Puede también acontecer que el Sr. Benjumea haya inventado algunas nuevas y grandes filosofías, y que, apasionado como es de Cervantes, se las regale y adjudique, tratando de aumentar con ellas la gloria de aquel escritor admirable; pero si así fuere, nosotros   -171-   que nos preciamos de muy equitativos, daremos a cada cual lo que es suyo, y no consentiremos jamás que la fama de Cervantes crezca a expensas de la de su modesto comentador.
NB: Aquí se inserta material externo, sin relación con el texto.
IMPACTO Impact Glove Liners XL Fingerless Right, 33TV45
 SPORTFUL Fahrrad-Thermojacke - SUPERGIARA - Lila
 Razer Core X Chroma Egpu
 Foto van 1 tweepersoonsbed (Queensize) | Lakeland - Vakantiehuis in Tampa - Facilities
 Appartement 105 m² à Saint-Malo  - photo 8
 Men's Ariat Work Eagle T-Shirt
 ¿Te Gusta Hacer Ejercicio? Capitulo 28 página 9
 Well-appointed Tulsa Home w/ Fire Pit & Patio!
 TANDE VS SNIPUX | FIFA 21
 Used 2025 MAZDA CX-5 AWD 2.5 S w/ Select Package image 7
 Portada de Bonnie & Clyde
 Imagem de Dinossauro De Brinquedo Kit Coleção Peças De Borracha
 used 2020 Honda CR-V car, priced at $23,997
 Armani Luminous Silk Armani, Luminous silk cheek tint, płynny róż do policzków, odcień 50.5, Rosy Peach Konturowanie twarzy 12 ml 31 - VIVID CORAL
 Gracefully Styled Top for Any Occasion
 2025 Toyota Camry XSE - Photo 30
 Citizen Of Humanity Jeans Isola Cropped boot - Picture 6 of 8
Sobre la primer manera de comentario, esto es, sobre sostener que el Quijote es una auto-biografía alegórica de Cervantes, ya hemos dicho nuestro parecer. Apenas hay novela, cuento, leyenda o drama, en que no haya, en cierto modo, algo de auto-biográfico. Desde La Odisea de Homero hasta La dama de las perlas de Alejandro Dumas, hijo, siempre han visto los aficionados a este linaje de investigaciones algún suceso o muchos sucesos de la vida de los autores, o que por lo menos han presenciado, en los casos fingidos que ellos refieren. De Mentor se cuenta que era un mercader o piloto, afectuoso amigo y valedor del poeta divino, a quien llevó en su compañía en muchas navegaciones y peregrinaciones; por lo cual Homero quiso inmortalizar su nombre y, honrar su persona, haciendo que en ella se encarnase nada menos que la diosa de la sabiduría: y de La dama de las perlas se asegura que fue y es, pues vive aún, una persona ilustre, hija o nuera de un eminente hombre de Estado. En todos los libros de entretenimiento suelen encontrar los curiosos no pocas de estas alusiones. Citaremos algunos ejemplos más, tomados al acaso y conforme vayan ocurriendo a la memoria. En La Gatomaquia hay quien vea alusiones a las travesuras y galanterías del elegante Buckingham cuando estuvo en Madrid con el príncipe de Gales, y a los celos del tristemente famoso Conde-Duque; en El   -172-   elefante blanco de Heine se alude a una señora muy sentimental, aunque decantada y celebrada por la amplitud de sus hermosísimas formas y por su deslumbradora blancura; y en todos o en casi todos los poemas de Byron creen con razón cuantos los leen, que el poeta ha querido pintarse a sí mismo. El Corsario, Lara, Alanfredo, Childe-Harold y hasta el propio Sardanápalo son Byron con disfraces diversos.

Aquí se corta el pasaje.